なので、数学にとっては「ガロア体」への興味もうすく、よって数学者の書いた大学数学の教材では「ガロア体」という用語を紹介していない。情報科学者たちが「ガロア体」という用語を好んでつかっている。


数学の「群論」(ぐんろん)といわれる分野のひとつに(または関連分野として)、「体論」(たいろん)というのがあって、その体論に「有限体」というのがある。ガロア体とは、単に、この有限体の考えかたの一部を使って、合同式を説明しただけのものである。

ガロア体」には、あまり数学的に「合同式」や「群論・体論」のほかの意味が無いので、情報科学の教科書にある「ガロア体」という用語は鵜呑みにしないほうがいい。
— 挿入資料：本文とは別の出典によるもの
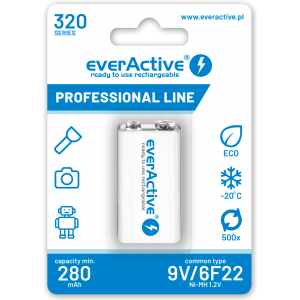 Akumulators everActive 6F22, HR6FA, HR9F, 6AM6, K9V, PP3 9V 320mAh NiMH Akumulators everActive 6F22, HR6FA, HR9F, 6AM6, K9V, PP3 9V 320mAh NiMH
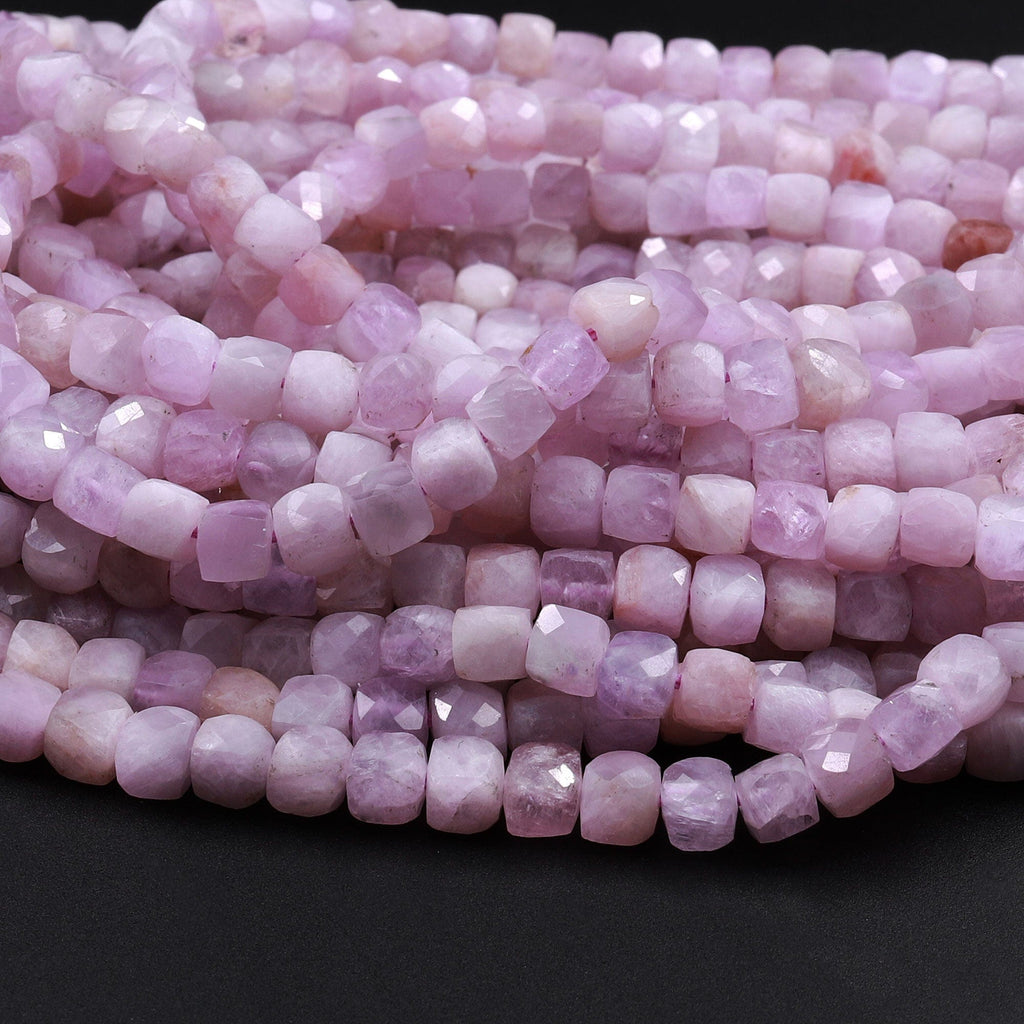 Natural Violet Purple Pink Kunzite Faceted 4mm Cube Beads Micro Faceted Laser Diamond Cut 15.5" Strand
欧米の科学者のなかには、あまり頭のよくない人もいるのであり、丸暗記のガリベン野郎みたいな人でも科学者をしてたりするのであり、そういうっ人が意味ありげな用語を使用してたりして、日本でも科学者が欧米大学などの研究費ほしさに欧米のサル真似をして、そういう人も科学者をしてるのだ。

これを書いた方は何を思ってこれを書いたんでしょう.はじめは「笑える」と思ってたのですが,だんだん腹が立ってきたので,残しておくことにします.

調べてみましたが,『岩波数学辞典第4版』 (778ページ) には次のような記述があります.

有限体は É. Galois (1830) が初めて考えたのでGalois 体 (Galois field) ともいわれる. 

たぶん,私がはじめてGalois fieldという用語に出会ったのは (数学をまじめに勉強していないので) Oxleyの"Matroid Theory"だと思います.いま確認すると2ページに出てます."Matroid Theory"は純粋な数学書です (Oxford Graduate Texsts in Mathematicsの一巻です).

冒頭の引用部は文章として悪いところがたくさんあります (それを指摘することは「日本語表現法」のよい演習になると思います).このような文章で高校生が勉強しないことを祈ります.